Il grande scrittore si passa la pipa dall’altra parte della bocca per nascondere un sorriso e non risponde. Una mattina, porta alla ragazza un libro. Si intitola Spoon River Anthology. Lei lo apre, “proprio alla metà”, e resta folgorata da due versi: «mentre la baciavo con l’anima sulle labbra, l’anima d’improvviso mi fuggì». Colta da un impulso irrefrenabile, comincia a tradurlo in italiano. Per parecchi anni traduce e traduce gli stessi ritratti, finché sono ormai parte di lei. Un giorno, lo scrittore le trova il manoscritto con le traduzioni in un cassetto. Lei si vergogna, aspetta “con un gran batticuore” che lui dica qualcosa. Ma lui dice solo: «Allora ha capito che differenza c’è tra la letteratura americana e quella inglese », e si porta via il manoscritto.

Nel 1943, quello scrittore, Cesare Pavese, e quella ragazzina, Fernanda Pivano, curano la prima edizione italiana del capolavoro di Masters, che esce con il titolo di Antologia di S. River, ammiccamento a un improbabile Santo, al quale la censura concede il lasciapassare. Salvo poi rimangiarselo qualche giorno dopo e sequestrare il libro per “immoralità della copertina” – una copertina bianca orlata di verde -.

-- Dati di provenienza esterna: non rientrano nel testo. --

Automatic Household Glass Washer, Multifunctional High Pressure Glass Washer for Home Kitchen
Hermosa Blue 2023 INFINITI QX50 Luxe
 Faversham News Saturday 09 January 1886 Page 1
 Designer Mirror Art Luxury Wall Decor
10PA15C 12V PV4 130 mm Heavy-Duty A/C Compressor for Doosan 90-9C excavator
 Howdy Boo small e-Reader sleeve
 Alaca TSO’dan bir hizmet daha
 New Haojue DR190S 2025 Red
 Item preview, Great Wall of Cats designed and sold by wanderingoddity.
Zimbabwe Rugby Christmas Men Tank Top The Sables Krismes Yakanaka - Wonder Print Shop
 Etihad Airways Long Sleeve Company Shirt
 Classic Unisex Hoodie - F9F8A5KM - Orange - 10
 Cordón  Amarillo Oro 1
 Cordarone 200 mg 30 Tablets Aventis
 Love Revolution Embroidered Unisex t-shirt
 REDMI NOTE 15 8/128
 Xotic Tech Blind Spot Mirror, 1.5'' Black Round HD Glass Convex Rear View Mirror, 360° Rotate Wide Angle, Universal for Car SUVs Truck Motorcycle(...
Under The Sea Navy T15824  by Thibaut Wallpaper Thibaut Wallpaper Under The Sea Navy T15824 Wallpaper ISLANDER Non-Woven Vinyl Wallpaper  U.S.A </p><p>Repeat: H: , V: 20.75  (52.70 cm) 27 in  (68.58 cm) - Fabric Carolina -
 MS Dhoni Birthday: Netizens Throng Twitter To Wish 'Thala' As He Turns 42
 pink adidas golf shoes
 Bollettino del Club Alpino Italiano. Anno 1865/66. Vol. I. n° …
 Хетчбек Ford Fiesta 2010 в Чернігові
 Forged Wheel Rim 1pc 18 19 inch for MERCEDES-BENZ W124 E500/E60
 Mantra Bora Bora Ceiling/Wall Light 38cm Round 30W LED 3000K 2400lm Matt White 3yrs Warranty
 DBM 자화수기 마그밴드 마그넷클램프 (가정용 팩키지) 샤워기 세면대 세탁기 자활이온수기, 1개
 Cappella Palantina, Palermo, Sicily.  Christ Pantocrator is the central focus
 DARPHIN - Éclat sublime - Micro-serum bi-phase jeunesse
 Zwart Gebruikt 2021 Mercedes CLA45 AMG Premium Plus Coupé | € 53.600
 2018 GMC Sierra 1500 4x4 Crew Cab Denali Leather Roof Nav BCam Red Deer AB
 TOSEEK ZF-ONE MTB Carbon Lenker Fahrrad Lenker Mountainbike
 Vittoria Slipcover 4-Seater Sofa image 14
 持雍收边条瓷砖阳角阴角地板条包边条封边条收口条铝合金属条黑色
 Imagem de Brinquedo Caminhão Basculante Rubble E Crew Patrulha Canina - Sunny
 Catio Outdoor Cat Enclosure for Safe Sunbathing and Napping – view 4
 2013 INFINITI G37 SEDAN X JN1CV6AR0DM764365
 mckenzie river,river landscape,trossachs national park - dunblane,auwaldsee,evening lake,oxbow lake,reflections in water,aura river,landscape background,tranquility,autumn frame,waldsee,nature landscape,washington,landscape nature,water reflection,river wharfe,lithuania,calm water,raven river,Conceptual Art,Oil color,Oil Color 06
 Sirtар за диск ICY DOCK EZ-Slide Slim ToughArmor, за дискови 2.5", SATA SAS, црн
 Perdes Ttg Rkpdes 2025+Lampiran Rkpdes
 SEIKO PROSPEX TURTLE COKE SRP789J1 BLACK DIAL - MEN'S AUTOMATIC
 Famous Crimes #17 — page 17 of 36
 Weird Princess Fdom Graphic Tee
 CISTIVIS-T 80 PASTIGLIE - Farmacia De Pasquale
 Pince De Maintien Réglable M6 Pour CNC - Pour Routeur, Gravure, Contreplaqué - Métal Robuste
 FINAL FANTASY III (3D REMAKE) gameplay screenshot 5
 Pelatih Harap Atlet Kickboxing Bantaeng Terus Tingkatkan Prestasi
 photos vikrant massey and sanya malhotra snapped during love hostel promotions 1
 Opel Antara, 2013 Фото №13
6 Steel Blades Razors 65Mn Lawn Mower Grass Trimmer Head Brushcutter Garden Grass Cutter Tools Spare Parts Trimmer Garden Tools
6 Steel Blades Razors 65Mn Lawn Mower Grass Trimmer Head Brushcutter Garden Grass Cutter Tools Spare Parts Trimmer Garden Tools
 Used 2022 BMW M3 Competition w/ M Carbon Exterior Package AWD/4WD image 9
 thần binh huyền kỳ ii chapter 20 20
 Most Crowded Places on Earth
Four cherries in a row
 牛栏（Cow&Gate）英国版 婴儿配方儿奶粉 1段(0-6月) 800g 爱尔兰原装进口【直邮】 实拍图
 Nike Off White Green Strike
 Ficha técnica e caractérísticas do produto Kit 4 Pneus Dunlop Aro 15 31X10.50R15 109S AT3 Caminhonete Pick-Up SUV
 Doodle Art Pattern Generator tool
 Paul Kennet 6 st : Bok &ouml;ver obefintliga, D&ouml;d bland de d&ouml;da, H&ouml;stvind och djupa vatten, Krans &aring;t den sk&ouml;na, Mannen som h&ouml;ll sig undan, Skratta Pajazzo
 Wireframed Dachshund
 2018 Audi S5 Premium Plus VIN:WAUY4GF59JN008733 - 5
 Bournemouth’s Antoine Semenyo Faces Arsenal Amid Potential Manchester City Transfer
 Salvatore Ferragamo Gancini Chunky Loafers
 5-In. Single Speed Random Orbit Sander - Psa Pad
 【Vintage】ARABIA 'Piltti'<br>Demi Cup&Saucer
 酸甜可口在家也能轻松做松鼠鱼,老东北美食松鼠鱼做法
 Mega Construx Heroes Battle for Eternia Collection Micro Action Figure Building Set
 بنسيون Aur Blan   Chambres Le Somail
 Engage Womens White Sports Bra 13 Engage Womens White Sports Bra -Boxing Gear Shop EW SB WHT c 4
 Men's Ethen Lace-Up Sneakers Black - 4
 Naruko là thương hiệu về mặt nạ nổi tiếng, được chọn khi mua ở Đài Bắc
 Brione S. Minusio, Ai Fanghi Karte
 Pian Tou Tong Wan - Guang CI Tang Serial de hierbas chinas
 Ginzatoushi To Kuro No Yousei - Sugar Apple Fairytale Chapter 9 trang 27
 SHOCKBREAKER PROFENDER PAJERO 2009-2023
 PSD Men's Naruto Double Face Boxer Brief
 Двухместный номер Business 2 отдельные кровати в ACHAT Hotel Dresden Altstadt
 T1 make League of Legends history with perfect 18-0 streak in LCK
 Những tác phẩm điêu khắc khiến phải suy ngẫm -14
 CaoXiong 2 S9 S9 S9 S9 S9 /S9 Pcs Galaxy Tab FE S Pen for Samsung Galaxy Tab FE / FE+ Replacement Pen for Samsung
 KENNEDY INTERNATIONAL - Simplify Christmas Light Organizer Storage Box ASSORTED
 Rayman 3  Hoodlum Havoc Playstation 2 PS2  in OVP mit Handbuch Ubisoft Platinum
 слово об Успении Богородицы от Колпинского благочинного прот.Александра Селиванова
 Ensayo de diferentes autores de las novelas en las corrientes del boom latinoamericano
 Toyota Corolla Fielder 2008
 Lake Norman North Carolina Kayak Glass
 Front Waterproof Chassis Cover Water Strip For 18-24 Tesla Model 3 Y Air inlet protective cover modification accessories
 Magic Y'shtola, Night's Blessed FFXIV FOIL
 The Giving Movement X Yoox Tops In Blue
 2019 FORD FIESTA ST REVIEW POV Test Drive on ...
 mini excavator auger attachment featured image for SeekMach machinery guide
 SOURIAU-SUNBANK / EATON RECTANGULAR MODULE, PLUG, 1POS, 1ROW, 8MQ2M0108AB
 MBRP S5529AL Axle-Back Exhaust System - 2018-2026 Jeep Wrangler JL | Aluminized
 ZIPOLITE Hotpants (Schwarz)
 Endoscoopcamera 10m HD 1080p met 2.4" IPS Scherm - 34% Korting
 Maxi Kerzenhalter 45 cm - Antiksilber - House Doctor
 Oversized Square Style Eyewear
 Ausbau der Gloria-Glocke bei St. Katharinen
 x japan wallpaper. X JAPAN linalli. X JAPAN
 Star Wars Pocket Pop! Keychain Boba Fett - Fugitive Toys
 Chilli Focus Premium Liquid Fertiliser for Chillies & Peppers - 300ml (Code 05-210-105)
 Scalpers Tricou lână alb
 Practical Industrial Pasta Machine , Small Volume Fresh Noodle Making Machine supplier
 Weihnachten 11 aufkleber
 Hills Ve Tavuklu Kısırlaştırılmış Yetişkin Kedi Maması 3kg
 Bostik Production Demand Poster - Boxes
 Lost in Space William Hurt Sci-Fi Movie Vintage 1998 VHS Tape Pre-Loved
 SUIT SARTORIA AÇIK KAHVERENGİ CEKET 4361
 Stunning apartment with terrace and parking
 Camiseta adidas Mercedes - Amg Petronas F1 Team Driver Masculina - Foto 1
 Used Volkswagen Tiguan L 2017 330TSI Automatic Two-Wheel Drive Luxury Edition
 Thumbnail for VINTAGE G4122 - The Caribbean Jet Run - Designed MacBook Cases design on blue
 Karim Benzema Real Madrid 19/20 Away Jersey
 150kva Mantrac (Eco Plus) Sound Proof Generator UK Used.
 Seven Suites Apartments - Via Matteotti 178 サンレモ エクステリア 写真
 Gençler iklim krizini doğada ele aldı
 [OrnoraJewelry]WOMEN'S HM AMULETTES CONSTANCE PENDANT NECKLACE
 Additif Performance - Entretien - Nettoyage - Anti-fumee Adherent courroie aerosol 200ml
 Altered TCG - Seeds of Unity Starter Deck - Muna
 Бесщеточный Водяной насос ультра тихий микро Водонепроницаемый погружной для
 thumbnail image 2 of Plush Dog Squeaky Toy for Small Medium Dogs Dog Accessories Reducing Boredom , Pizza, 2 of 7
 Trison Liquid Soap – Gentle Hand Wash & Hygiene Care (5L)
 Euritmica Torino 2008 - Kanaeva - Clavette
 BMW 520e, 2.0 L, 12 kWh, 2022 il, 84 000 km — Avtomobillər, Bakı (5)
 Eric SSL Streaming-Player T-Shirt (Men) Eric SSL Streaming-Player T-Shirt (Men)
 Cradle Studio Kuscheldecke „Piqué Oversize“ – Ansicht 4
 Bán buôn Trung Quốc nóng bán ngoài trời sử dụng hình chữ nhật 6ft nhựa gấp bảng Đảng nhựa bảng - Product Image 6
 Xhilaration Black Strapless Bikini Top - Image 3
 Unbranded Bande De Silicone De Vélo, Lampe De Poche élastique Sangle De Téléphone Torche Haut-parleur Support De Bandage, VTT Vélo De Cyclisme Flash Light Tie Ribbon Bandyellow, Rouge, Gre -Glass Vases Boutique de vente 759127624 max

Fernanda Pivano è stata sicuramente molto più che un’americanista: è stata un crocevia della cultura italiana dopo la fine della guerra, quando molti, grazie prima di tutto a Elio Vittorini e al cinema d’oltreoceano (fino a quel momento assai poco conosciuto nella nostra Italia autarchica che si sognava romana), scoprirono non soltanto l’America ma anche e soprattutto la voglia d’America.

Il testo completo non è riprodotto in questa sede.